Réactions internationales : Un monde fracturé face à la capture de Maduro

La capture de Maduro a créé une onde de choc mondiale :

  • Soutien : Les États-Unis et le Royaume-Uni saluent la fin d’une « menace régionale ».
  • Condamnation : La Russie et la Chine dénoncent une « violation flagrante du droit international » et un « enlèvement ».
  • Inquiétude régionale : Le Brésil et la Colombie, bien qu’opposés à Maduro, s’inquiètent du précédent créé par cette intervention militaire directe sur un chef d’État en exercice.

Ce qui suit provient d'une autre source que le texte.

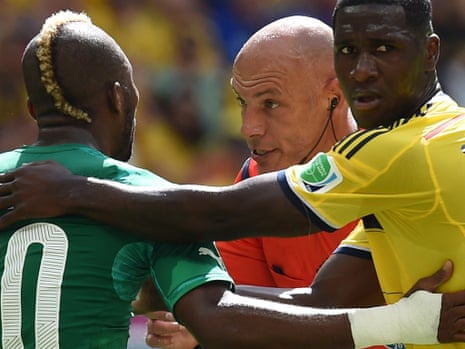 English referee Howard Webb has a quiet word with Geoffroy Serey Die and Cristian Zapata.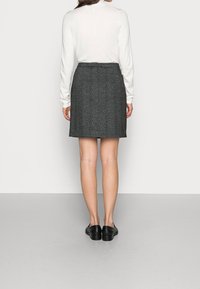 Falda de tweed gris con un diseño recto, que presenta una cintura de altura media y un dobladillo por encima de la rodilla, combinada con zapatos negros y una blusa blanca.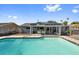 Inviting backyard oasis featuring a pristine pool, outdoor kitchen, and mature landscaping at 7025 Orkney N Ave, St Petersburg, FL 33709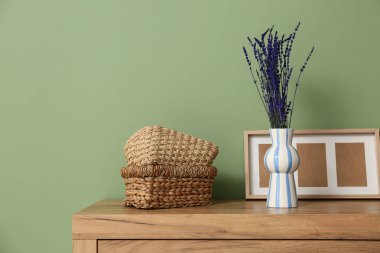 İçinde lavanta çiçekleri, çerçeve ve sepetler olan vazo yeşil duvarın yanında.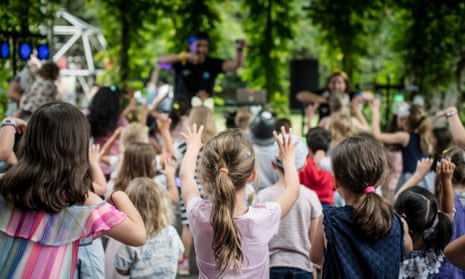 Children watch performers at the NGV's summer festival for kids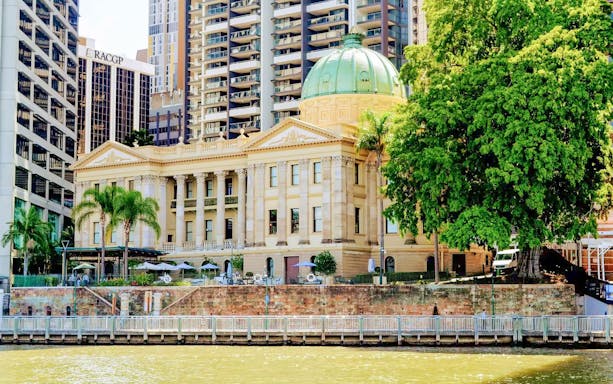 Brisbane Customs House with green dome seen from Brisbane River cruise.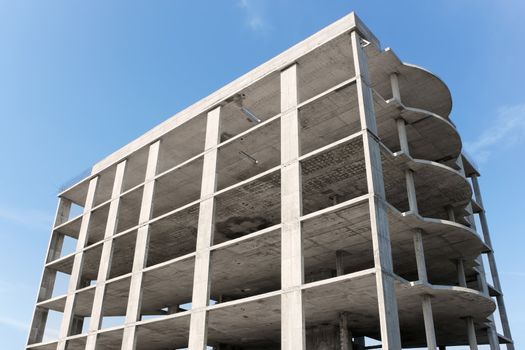 A multi-storey building construction on the background of blue sky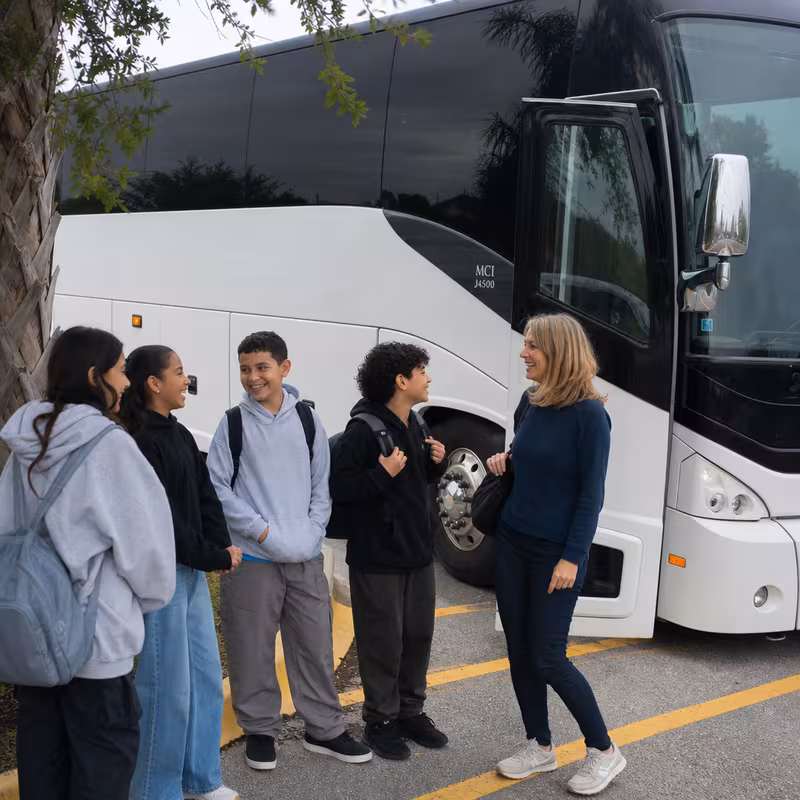 Passengers loading luggage while boarding an Cleveland group shuttle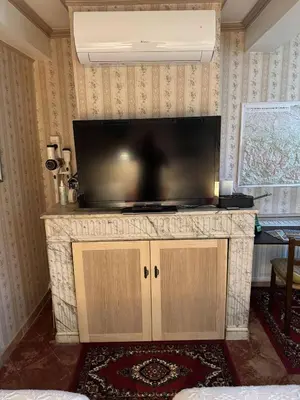 a large flat screen tv on a stand in a living room at Chambre Lits Jumeaux in Mirepoix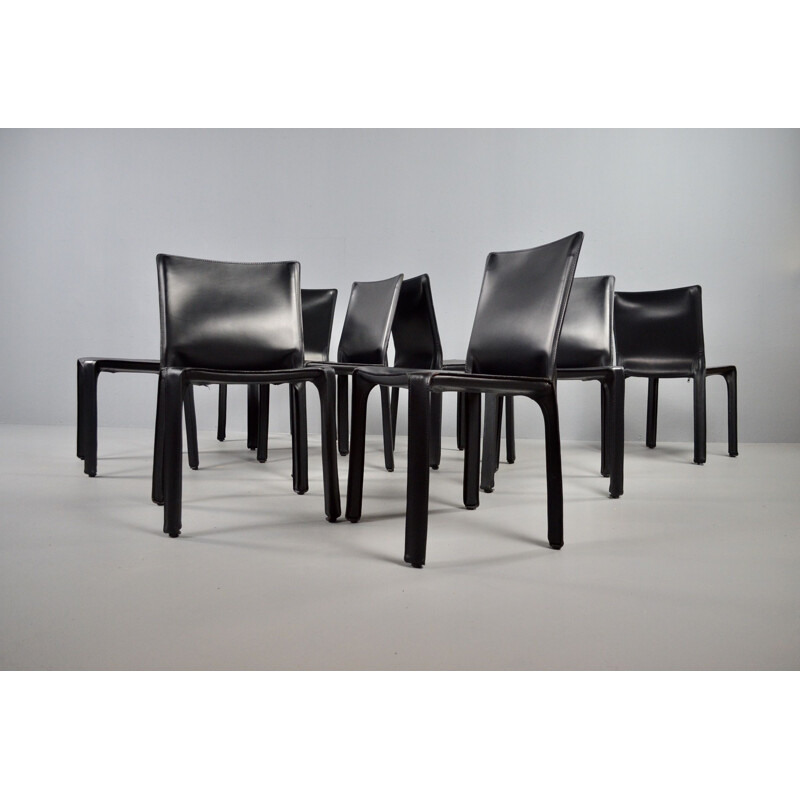 Set of 8 vintage black leather chairs by Mario Bellini 1977s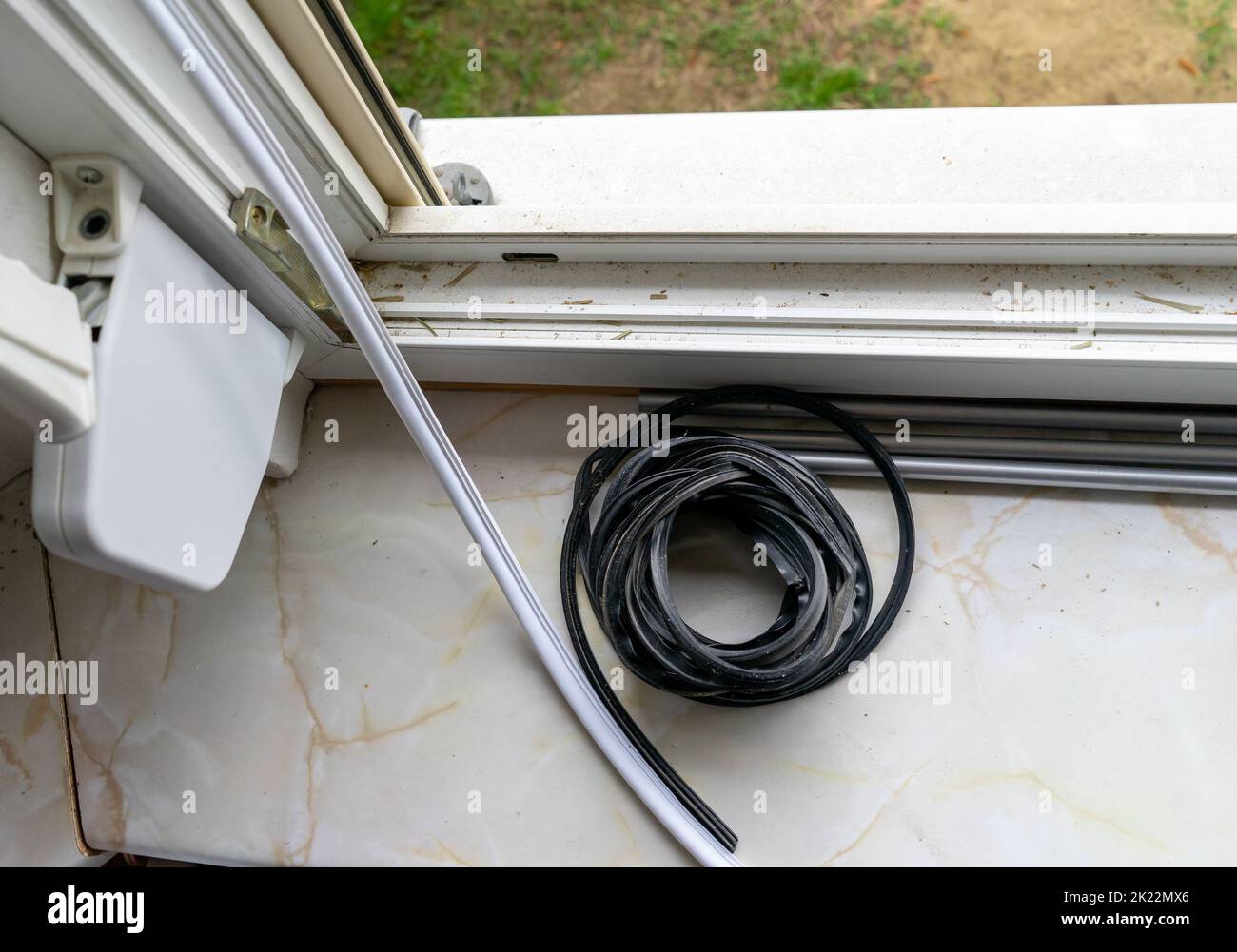 Replace rubber seal on window Stock Photo Alamy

La France, la Canada et le Chili ont salué la fin du régime de Maduro mais s’inquiètent de la méthode employée.


Économie et sécurité : Le prix de la stabilité

L’inflation, qui a atteint 475% en 2025, ralentit enfin grâce à la reprise des exportations de brut vers les États-Unis. Toutefois, la sécurité reste précaire. L’état d’exception demeure la norme, et si 600 prisonniers politiques ont été libérés, la surveillance des citoyens reste stricte pour éviter tout soulèvement pro-Maduro.

Le verdict de mars 2026 : Le Venezuela est à la croisée des chemins.

Entre une présidente par intérim qui pactise avec l’ancien ennemi et un ancien président en uniforme de détenu à Manhattan, l’avenir du pays dépendra de la capacité des Vénézuéliens à reprendre le contrôle de leur destin au-delà des intérêts des grandes puissances.